(Dataset records)
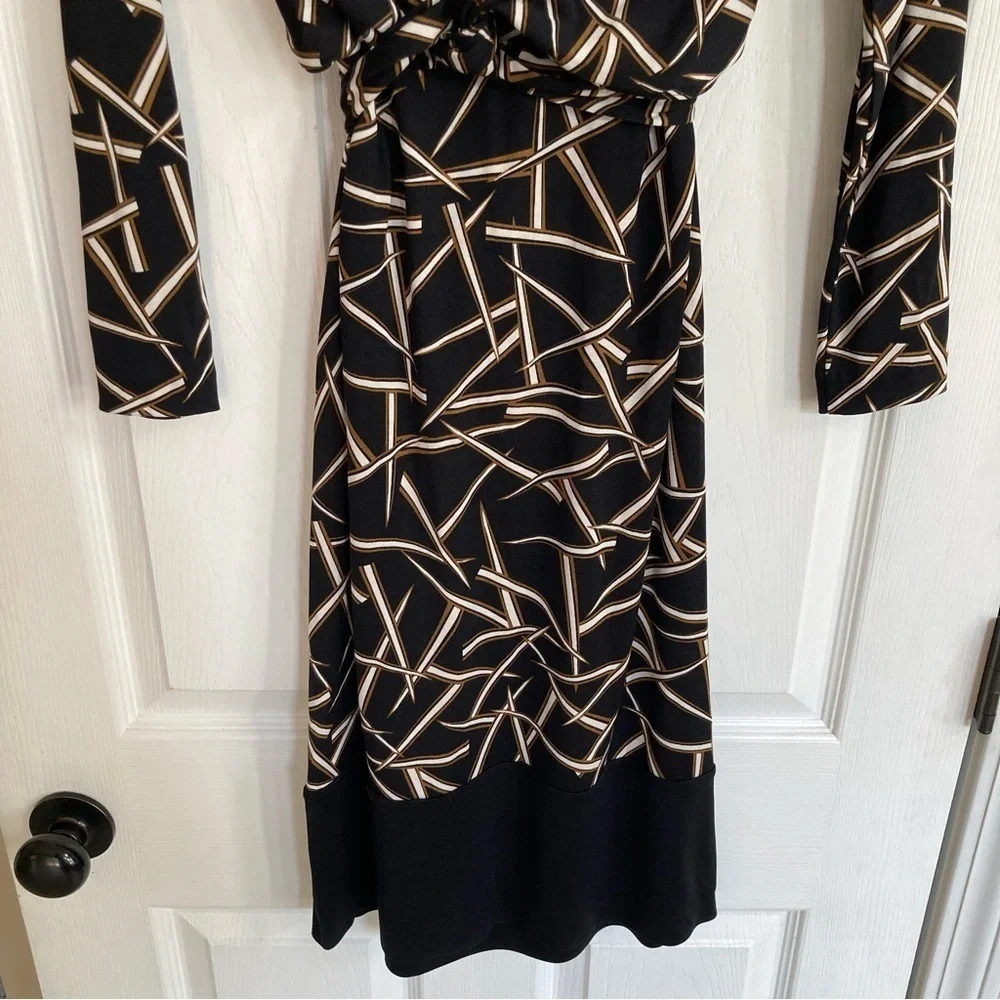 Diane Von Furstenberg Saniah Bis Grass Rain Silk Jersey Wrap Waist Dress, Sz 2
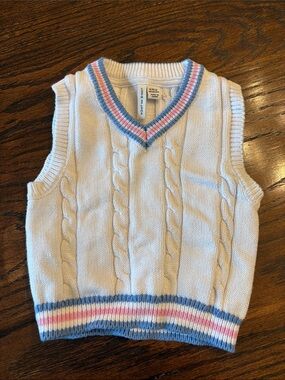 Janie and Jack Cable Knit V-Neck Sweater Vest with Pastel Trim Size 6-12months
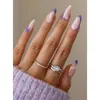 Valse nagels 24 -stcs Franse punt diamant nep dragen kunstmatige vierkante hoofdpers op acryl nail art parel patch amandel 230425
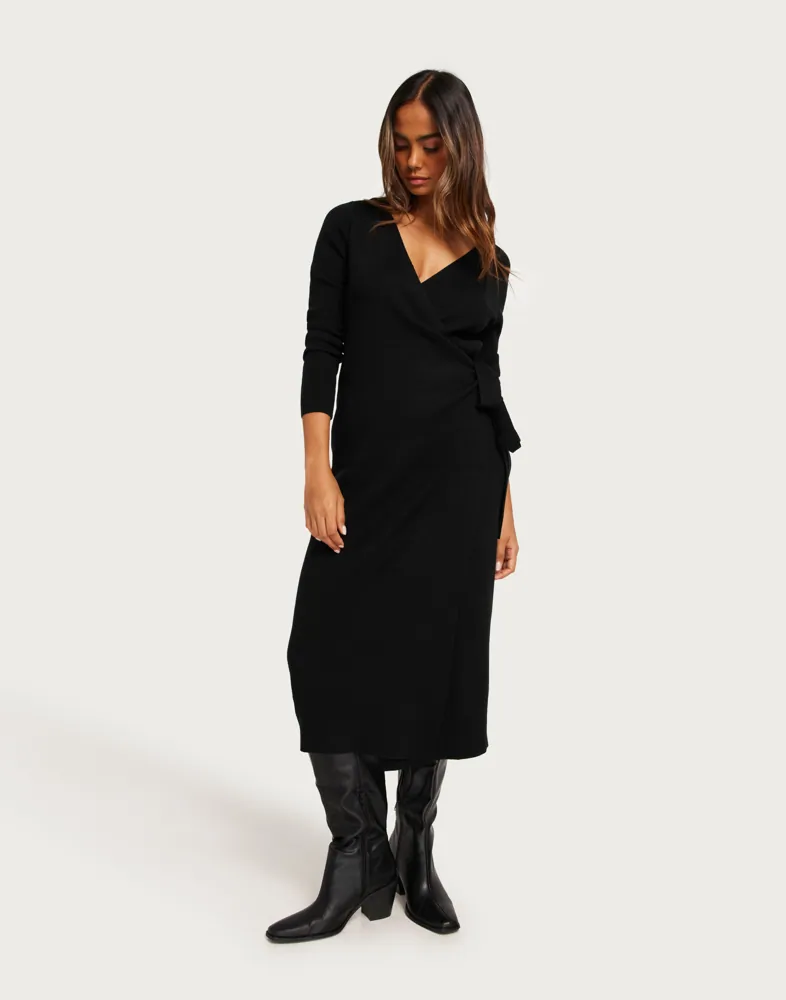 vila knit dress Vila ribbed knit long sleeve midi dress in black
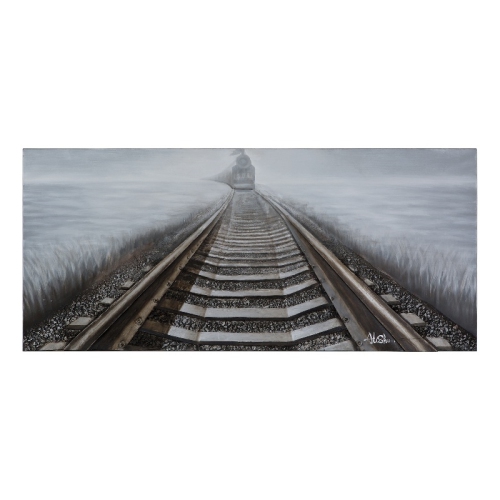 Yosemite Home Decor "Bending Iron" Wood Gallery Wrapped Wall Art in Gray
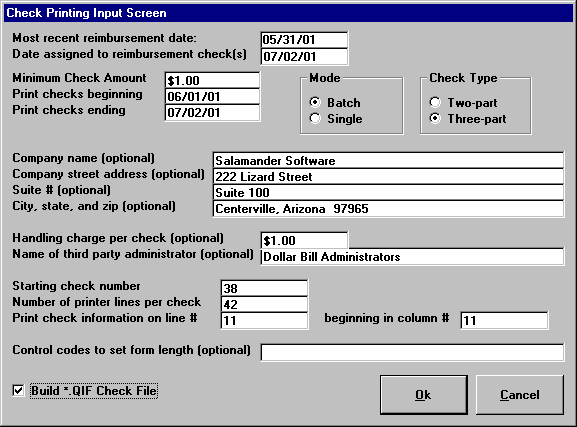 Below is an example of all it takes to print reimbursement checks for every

- [Task to carry out] Apart from the pictures, the entries above are to be repeated in full and exactly.

- [Response to this exercise]
 Diane Von Furstenberg Saniah Bis Grass Rain Silk Jersey Wrap Waist Dress, Sz 2
 Janie and Jack Cable Knit V-Neck Sweater Vest with Pastel Trim Size 6-12months
 Valse nagels 24 -stcs Franse punt diamant nep dragen kunstmatige vierkante hoofdpers op acryl nail art parel patch amandel 230425
 vila knit dress Vila ribbed knit long sleeve midi dress in black
 Yosemite Home Decor "Bending Iron" Wood Gallery Wrapped Wall Art in Gray
 Below is an example of all it takes to print reimbursement checks for every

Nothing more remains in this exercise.